Deprem veya yer sarsıntıları evrenin ilk hazır olduğu zamandan beri kendini göstermiştir. Enerji bilim uzmanlarına göre aslında bu olay sadece dünyanın enerjisini boşaltma eylemidir. Her yıl dünyada binlerce insan hayatını kaybetmektedir. Peki deprem ve matematik arasında bir ilişki var mı? Varsa nasıl bir uzlaşma içindeler?
Türkiye’de deprem sismik ölçüm merkezi olarak Boğaziçi Üniversitesine bağlı Kandilli rasathanesi önemli bir araştırma merkezi olarak jeolojik olayları yakından takip etmektedir. Deprem şiddeti, deprem derinliği, P ve S dalgaları, magnitute gibi verisel raporlar çıkarmaktadır. Şimdi birkaç deprem ölçümleri üzerinden yorum yapalım.

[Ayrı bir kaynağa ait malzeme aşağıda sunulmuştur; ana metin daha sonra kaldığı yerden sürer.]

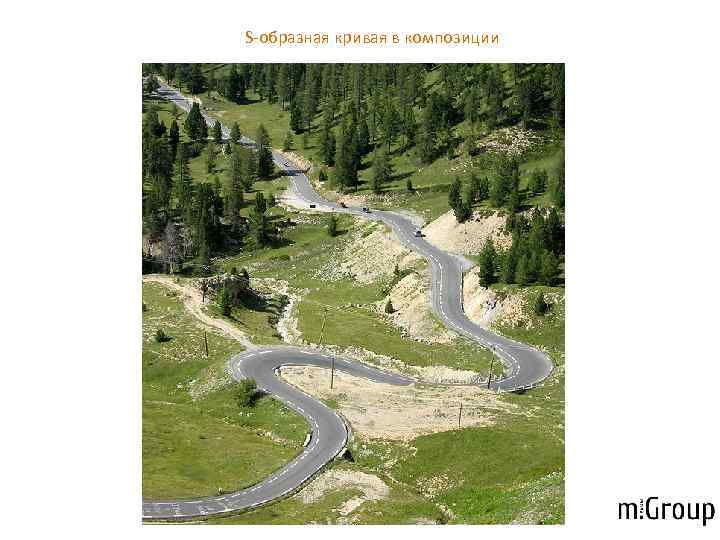 S-образная кривая в композиции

- Bir depremin gücü arttıkça yıkım gücü artar. (Bilinen bir durum)
- Bir deprem yeryüzüne ne kadar yakın olursa yıkım gücü artar
- Dalga biçiminde yayılan sarsıntıların yıkım etkisi daha büyüktür.
Temel bilmemiz gerekenler bunlardır. Peki 2 şiddetindeki deprem 3 şiddetindeki depremden ne kadar güçlüdür?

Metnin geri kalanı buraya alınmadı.